KUALA LUMPUR: Malaysia's economy grew at its slowest pace in a year in the third quarter as exports faltered, but the central bank said growth will remain positive and maintained its outlook for 2019.
Gross domestic product grew 4.4 per cent in the July-September quarter, slowing from the 4.9 per cent pace in the previous quarter, the central bank said on Friday (Nov 15). The outcome was in line with the 4.4 per cent rise forecast in a Reuters poll.
Bank Negara Malaysia (BNM) maintained its full-year growth target of 4.3 per cent to 4.8 per cent. The government has projected growth of 4.7 per cent.
Malaysia was the only Southeast Asian nation to record an acceleration in economic growth in the April-June quarter from the previous quarter, though growth slowed in the second half from a contraction in exports. Shipments slumped to their lowest in nearly three years in September.
Last week, the central bank unexpectedly cut banks' statutory reserve requirement to inject liquidity, the first in three years and only days after it left its key policy interest rate unchanged.
Asked if there was any chance of a rate cut next year, BNM Governor Nur Shamsiah Mohd Yunus said it was something the monetary policy committee would constantly monitor.
"We are not on any preset course," she told reporters. "We continue to monitor external developments and how it affects our outlook for growth and inflation. And we will always be data dependent."
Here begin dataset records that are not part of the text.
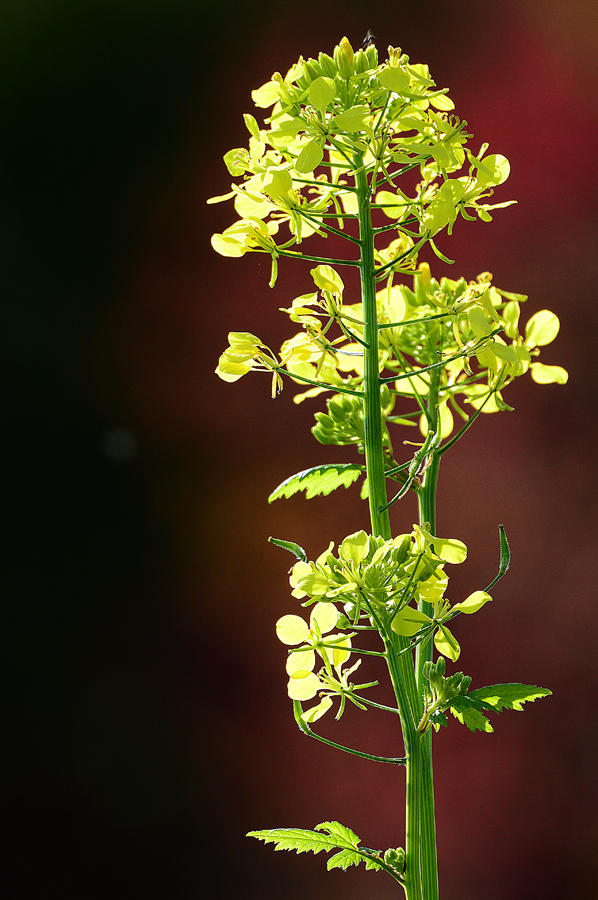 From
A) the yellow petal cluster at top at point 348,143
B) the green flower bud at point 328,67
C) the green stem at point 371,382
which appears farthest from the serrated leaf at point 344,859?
the green flower bud at point 328,67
BNM last cut its key policy rate in May.
Nur Shamsiah also said Malaysia was working on addressing any concerns of FTSE Russell, which in September gave the country at least another six months to escape eviction from its widely-tracked government bond index.
She said the central bank's recent measures had given greater flexibility to offshore investors to hedge positions onshore and that forex transaction volumes were growing and cost of transactions coming down.
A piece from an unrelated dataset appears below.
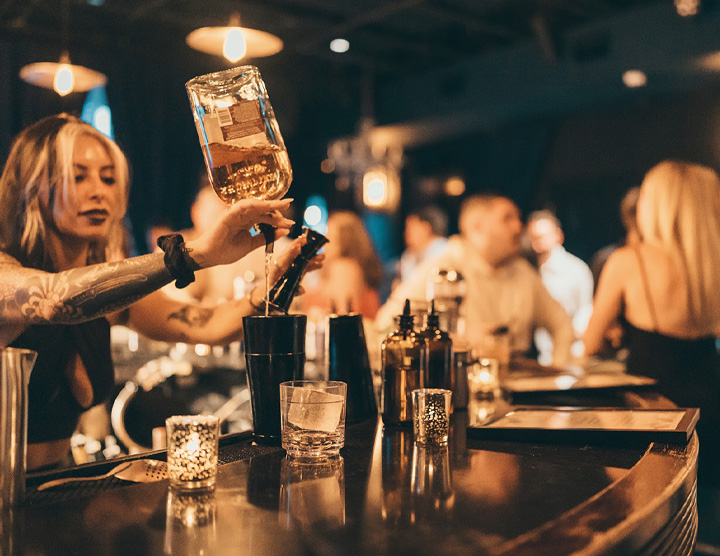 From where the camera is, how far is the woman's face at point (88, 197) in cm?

"On our part we will continue to engage with index providers and investors to ensure (we address) whatever pain points they have and whatever measures we can put in place for greater efficiency in the market," Nur Shamsiah said.
The ringgit fell 1.1 per cent against the US dollar in the third quarter, which BNM attributed to heightened risk aversion amid the protracted Sino-US trade war.
Malaysia's current account surplus fell to 11.5 billion ringgit (US$2.78 billion) in the third quarter, from the 14.3 billion ringgit in the previous period.
The headline inflation rate came in at 1.3 per cent in the third quarter but is expected to be "low" in 2019, and modest though higher in 2020, BNM said.
Inflation has remained benign after an unpopular consumption tax was scrapped in June 2018, and as the government tried to cap domestic fuel prices.